For the first time, time crystals survive outside the lab

University of California researchers use light to allow recently-discovered "time crystals" to be more stable.

 Single crystal of a mixture of 95% aluminum potassium sulfate and 5% chromium potassium sulfate. Growing period - 3 months in home conditions. (photo credit: Maxim Bilovitskiy/Wikimedia Commons)
Single crystal of a mixture of 95% aluminum potassium sulfate and 5% chromium potassium sulfate. Growing period - 3 months in home conditions.
(photo credit: Maxim Bilovitskiy/Wikimedia Commons)

Researchers from the University of California, Riverside are using light to allow recently-discovered "time crystals" to survive outside the lab, according to a new study published in Nature Communications.

What is a time crystal?

A time crystal, first proposed by physicist Frank Wilczek in 2012, is a phase of matter which repeats in time, similar to how a regular crystal's structure repeats in space. What that means is that the particles in the crystal perpetually switch between two states without requiring the input of more energy and without losing any energy.

These crystals are the first objects to break what is known as "time-translation symmetry," a rule in physics that states that a stable object will remain unchanged throughout time. Time crystals avoid this rule, being both stable and ever-changing.

So, for example, ice when stable will remain ice and will only change when temperature or another factor makes it unstable. A time crystal would change even when in its ground state, acting differently than all other phases of matter.

Last year, scientists from Stanford and the Max Planck Institute for Physics of Complex Systems, as well as scientists at QuTech, a collaboration between the Delft University of Technology and the Netherlands Organisation for Applied Scientific Research (TNO), figured out for the first time how to create these theoretical crystals.

 Halite crystal (credit: DIDIER DESCOUENS/WIKIMEDIA COMMONS) Halite crystal (credit: DIDIER DESCOUENS/WIKIMEDIA COMMONS)

The problem with these time crystals, though, is that they were fairly unstable and lasted for short amounts of time. Extremely low temperatures or other rigorous conditions are required to minimize external influences.

Noise and energy loss? Bring them on! -

Scientists at UC Riverside worked to find a system that could create a time crystal without needing to worry as much about external influences, making it more realistic for these structures to exist outside of strict lab conditions.

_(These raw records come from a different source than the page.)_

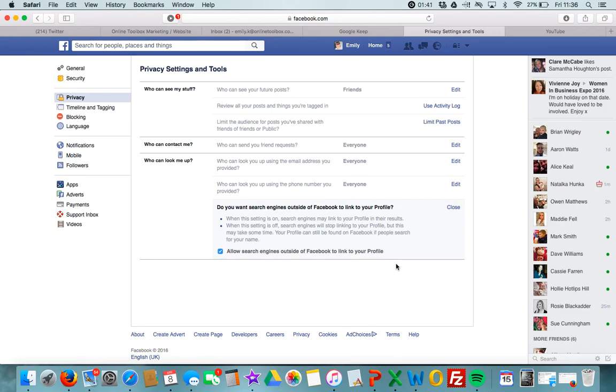This is quite important when people are searching for you or Googling your Facebook. I recommend if you are using your social media very much within your friend network privately that you don't have this on, and you can't be found in Google, but you can be found within Facebook.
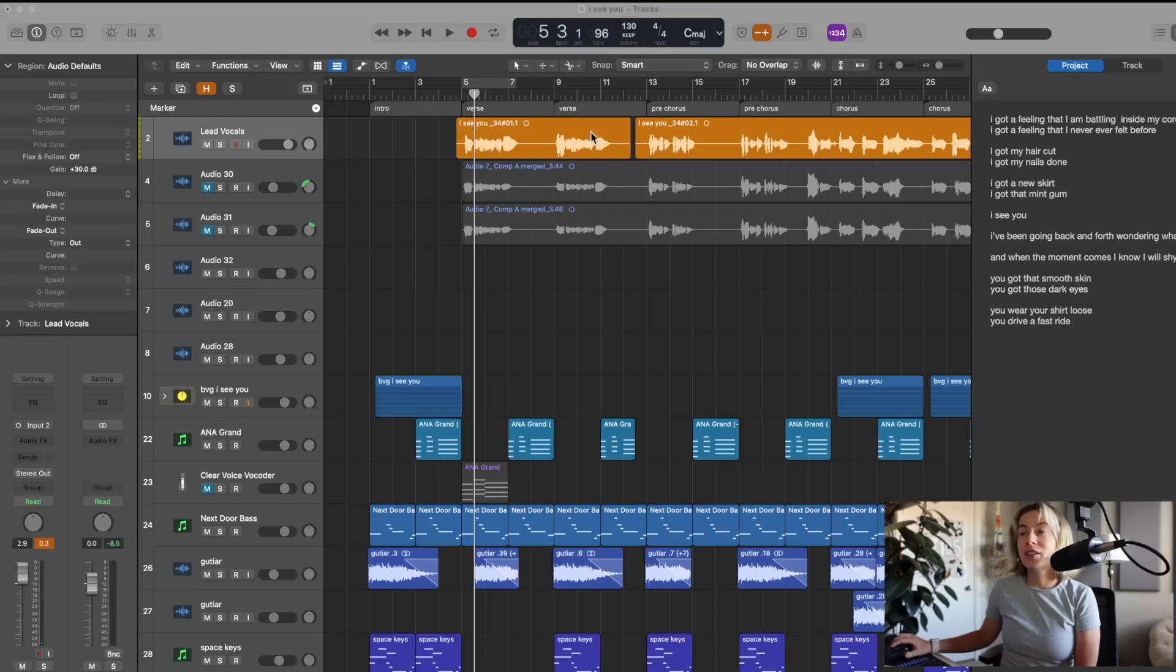Hi, I'm Sides. Welcome back to my channel. Today, I'm going to show you how to use Auto-Tune Pro. Let's jump right into the DAW.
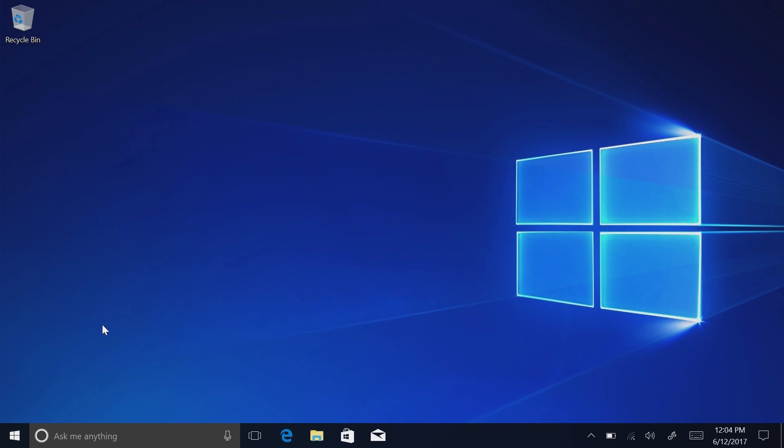Hey there guys, Zach here from Windows Central and welcome back to another video. Today we're taking a look at Windows 10 S.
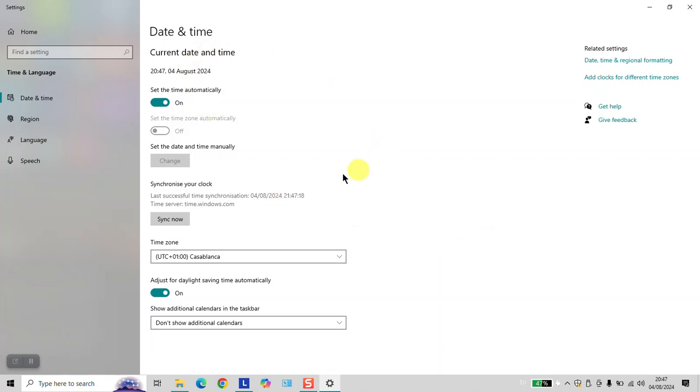Once done, the time will be adjusted automatically. You might want to restart your computer if the change doesn't take effect immediately.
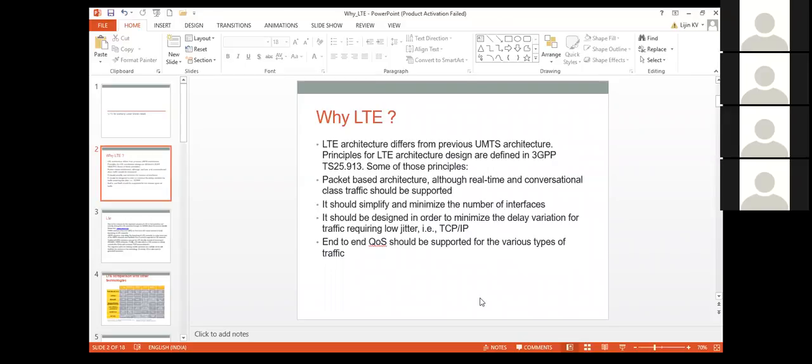Just a brief about LTE: in LTE, the air interface uses OFDM technology — that is Orthogonal Frequency Division Multiplexing technology.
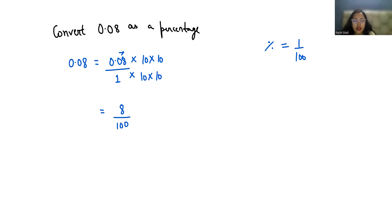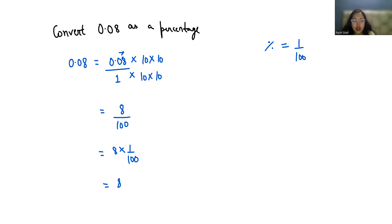Now we can write 8 by 100 as 8 times 1 by 100, and we know that in place of 1 by 100 we can write the percentage symbol. So 0.08 is equal to 8 percent.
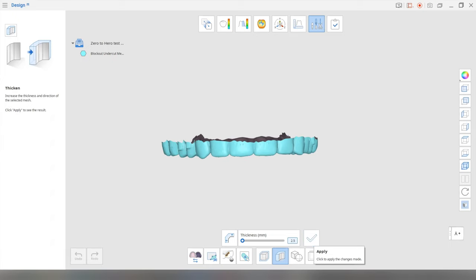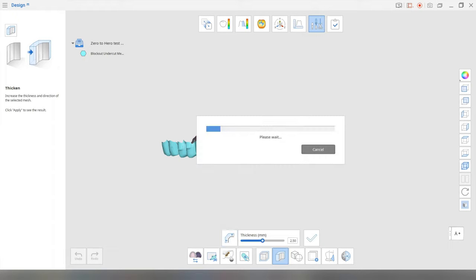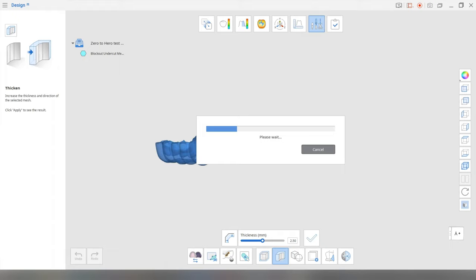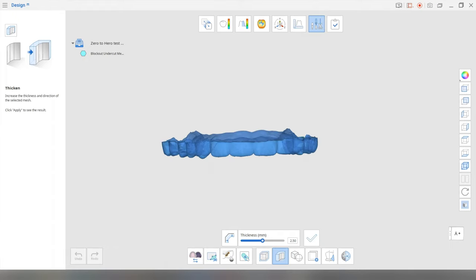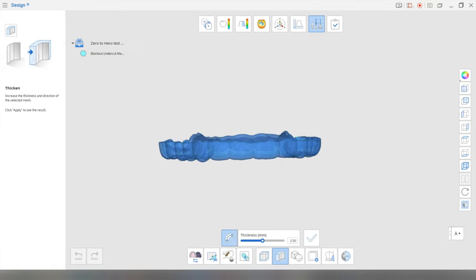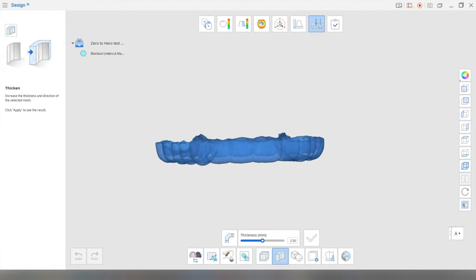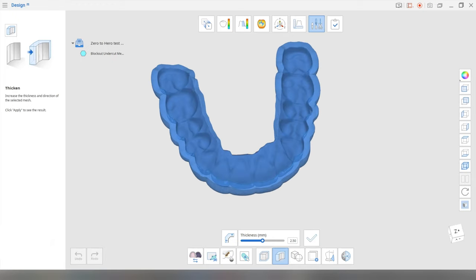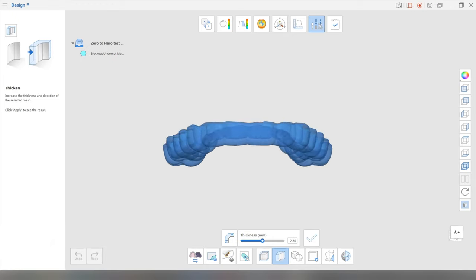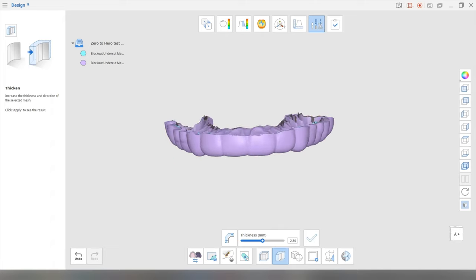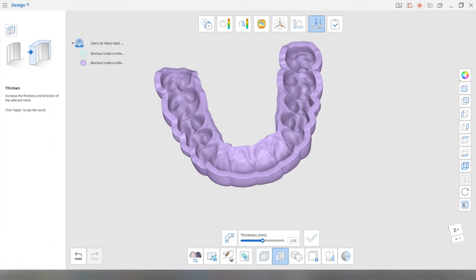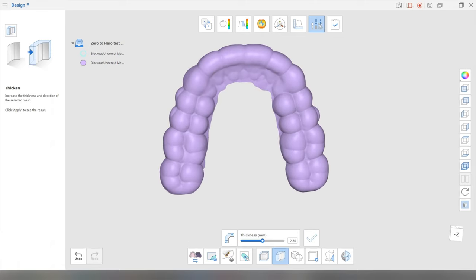And then you choose where you change the thickness, whether you want it all on the outside, which is what we want, or you can change it on the inside, like so, but that's not what we want or both. So once again, we just want it on the outside. Okay. Because we obviously don't want to ruin this inner fitting surface. I'm going to click yes. All right. So it's now starting to look a lot more like a splint.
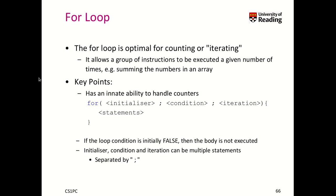So the for loop is an alternative to the while loop, and it's optimal for counting or iterating over a given set of elements. For example, you can iterate over a number of instructions a number of times, like summing up the numbers in an array.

“When your experimental system has energy exchange with its surroundings, dissipation and noise work hand-in-hand to destroy the temporal order,” said lead author Hossein Taheri, an assistant research professor of electrical and computer engineering in UC Riverside’s Marlan and Rosemary Bourns College of Engineering, to UC Riverside News.

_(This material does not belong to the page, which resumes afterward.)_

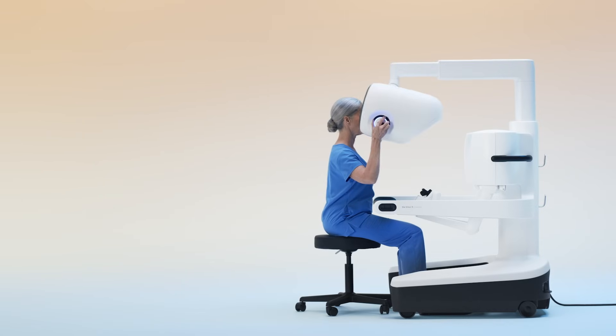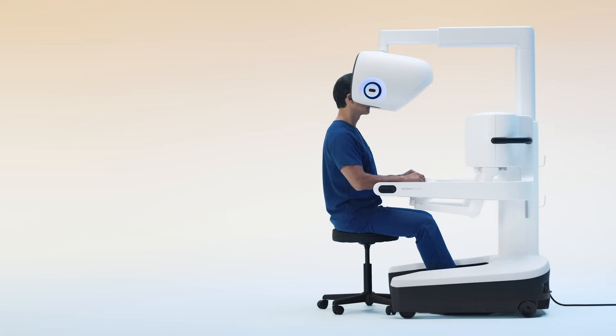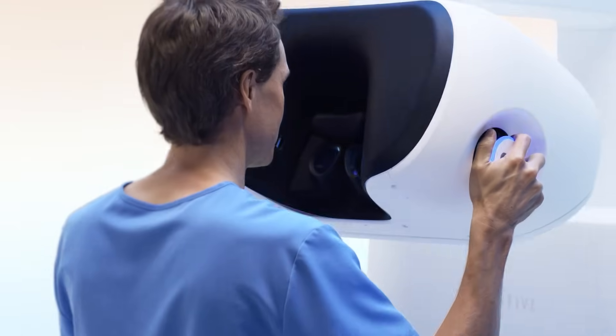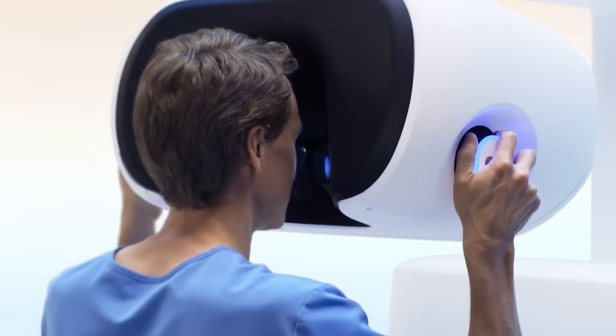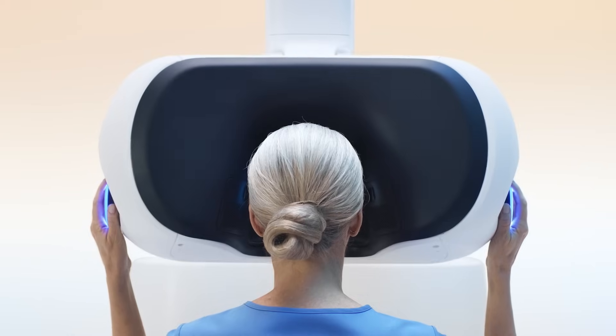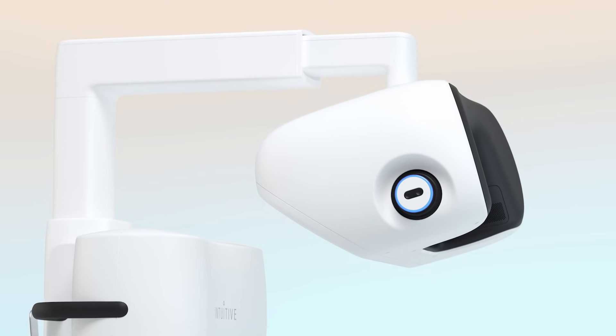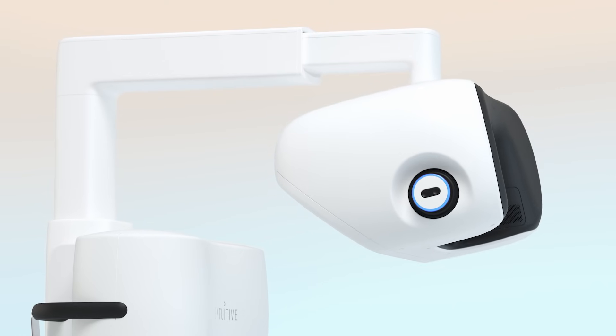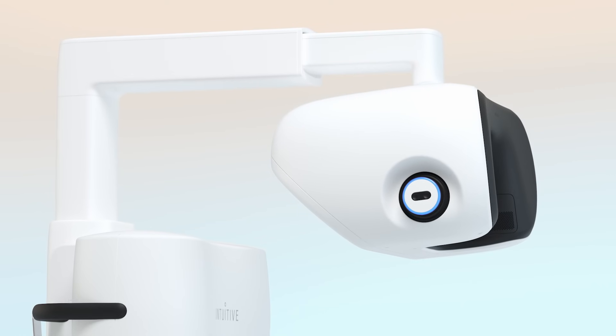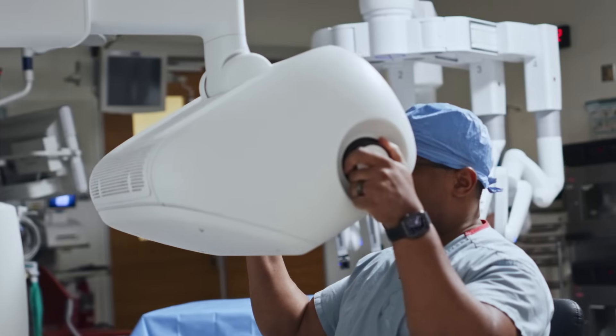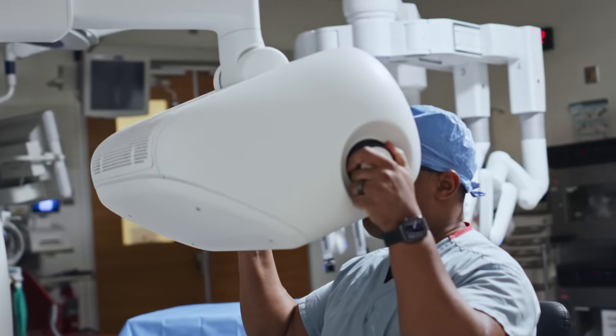The ergonomics, the ability for me to move the headset where my head goes in and move it exactly where I want it to be in a variety of different positions. I think that really is going to help elongate my career and make surgery more comfortable.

The UC Riverside's time crystals can persist indefinitely at room temperature, despite noise and energy loss.

The team's time crystal is made out of a one-millimeter wide, disk-shaped magnesium fluoride glass resonator. When the disk is bombarded with two laser beams, the researchers observed subharmonic spikes (frequency tones between the two beams) which indicate the breaking of temporal symmetry and the creation of time crystals.

The scientists picked a particular resonator design and precisely controlled the laser beams to make it so that light waves were created with a single crest, instead of like ripples like most forms of light, according to Scientific American. Such waves are called solitons, and scientists were able to create them with a predictable periodicity, on beat, creating a time crystal.

Speaking to Scientific American, Taheri stated that one observing the resonator would see periodic variations in the outgoing light's intensity until, at some point, a light intensity pattern would spontaneously emerge with a very different periodicity set by the solitons. This would show that the system was in a way "setting its own time," thus creating a time crystal.

Andrey Matsko, a physicist at NASA’s Jet Propulsion Laboratory and a co-author of the study, likened the phenomenon to growing salt crystals by suspending a string in salty liquid. While the thread (or laser in the case of the time crystal) helps form the crystals, their periodicity or patterning is entirely their own.

The system created by UC Riverside is unique because its random losses of energy, as well as the encroaching noise (similar to static), actually increased its stability. The system also requires relatively few parts to make.

“This is really a simple [device] architecture,” said Lute Maleki, CEO of the photonic technology company OEwaves and a co-author of the study, to Scientific American. “It should be accessible to a lot of [research] groups.”